Beyond the Hype: From Qubits to Quarters:
The global industry has wisely moved beyond the “qubit count” arms race. A thousand noisy, error-prone qubits are as valuable for quantum computing as a tennis ball. So, the new scale is usefulness: is this machine able to produce real work, more quickly, at less cost, than a classical computer?

And the answer is increasingly yes. In early 2025, scientists applied a quantum-hybrid approach to identify drug candidates for the KRAS cancer protein, a target once considered “undruggable.” The molecules were then validated in the lab. That was not a simulation; it was a finding.
In the world of finance, Intesa Sanpaolo is applying IBM’s quantum tools to try to detect fraudulent transactions. Ford Otosan aims to halve its vehicle scheduling time using a quantum annealer. The Port of Los Angeles, as well as others such as Rotterdam and Hamburg, has a quantum-engine-optimised crane system in the hopes of saving millions of dollars a year. These aren’t futuristic promises; they’re 2025 ROI statements.
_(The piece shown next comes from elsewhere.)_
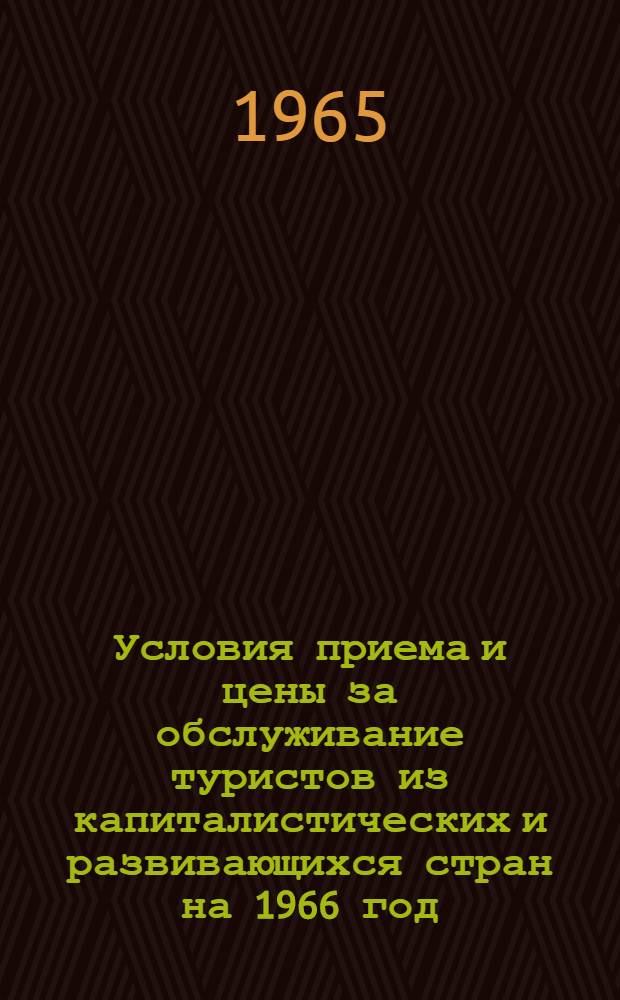 Условия приема и цены за обслуживание туристов из капиталистических и развивающихся стран на 1966 год : Утв. 13/VII 1965 г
Meanwhile, Quantum‑as‑a‑Service is fuelling pragmatic enthusiasm. Platforms like AWS Braket and Azure Quantum let developers tap IonQ, Rigetti, QuEra, and more – democratising access and spawning a new breed of quantum developers who treat the arcane science as a business tool.

The Talent Shortage
For all its promise, the ‘quantum’ industry has a glaring Achilles’ heel: people. The global supply of quantum workers is less than half of what is needed, and most quantum job postings go unfilled. It’s not just a recruiting problem; it’s a choke point that could grind the entire revolution to a halt.
The solution? A massive, coordinated response in education. The U.S. National Science Foundation is expanding its quantum traineeships, the EU is investing in its Quantum Skills Academy, and companies like IBM are providing free access to its Qiskit textbook, which over 450,000 learners have already used. But it’s a race against time. You can have the best hardware in the world, but without the minds to program it, a quantum computer is just a costly paperweight.
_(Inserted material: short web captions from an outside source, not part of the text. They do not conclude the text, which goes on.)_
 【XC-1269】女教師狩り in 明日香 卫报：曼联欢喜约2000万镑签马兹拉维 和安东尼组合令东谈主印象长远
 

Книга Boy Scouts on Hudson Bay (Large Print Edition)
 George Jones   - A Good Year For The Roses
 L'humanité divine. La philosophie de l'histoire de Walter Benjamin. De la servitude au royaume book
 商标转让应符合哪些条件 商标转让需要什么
So, who’s winning the big quantum poker game in 2025? The U.S. holds a strong hand with its combination of private innovation and public funding. China is the disciplined counter-player, placing a big bet on a long-term, state-led approach. Europe is the brainy underdog with deep know-how but limited commercialisation. And the startups? Well, they’re the wild cards, who could either fold or take the pot.
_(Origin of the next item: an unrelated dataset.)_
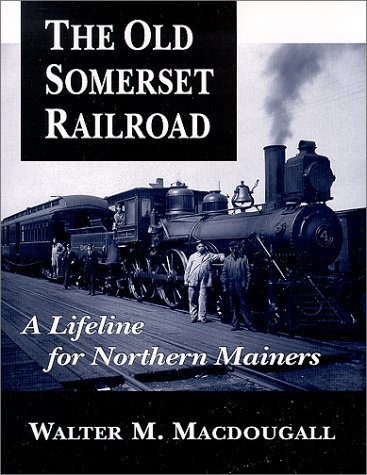 Walter Macdougall Old Somerset Railroad The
But here’s the twist: this is not a zero-sum game. As we have seen in the field of artificial intelligence, the ultimate winner will not be a single company or country, but humanity at large. The challenges that quantum computers can tackle – climate change, disease, global logistics – are too significant for a single organisation. The real triumph will be when this arcane science escapes the laboratory and begins to transform our world, one qubit at a time.
Until then, the game is on, the stakes are astronomical, and this is just the beginning for the players. Place your bets. But place them wisely.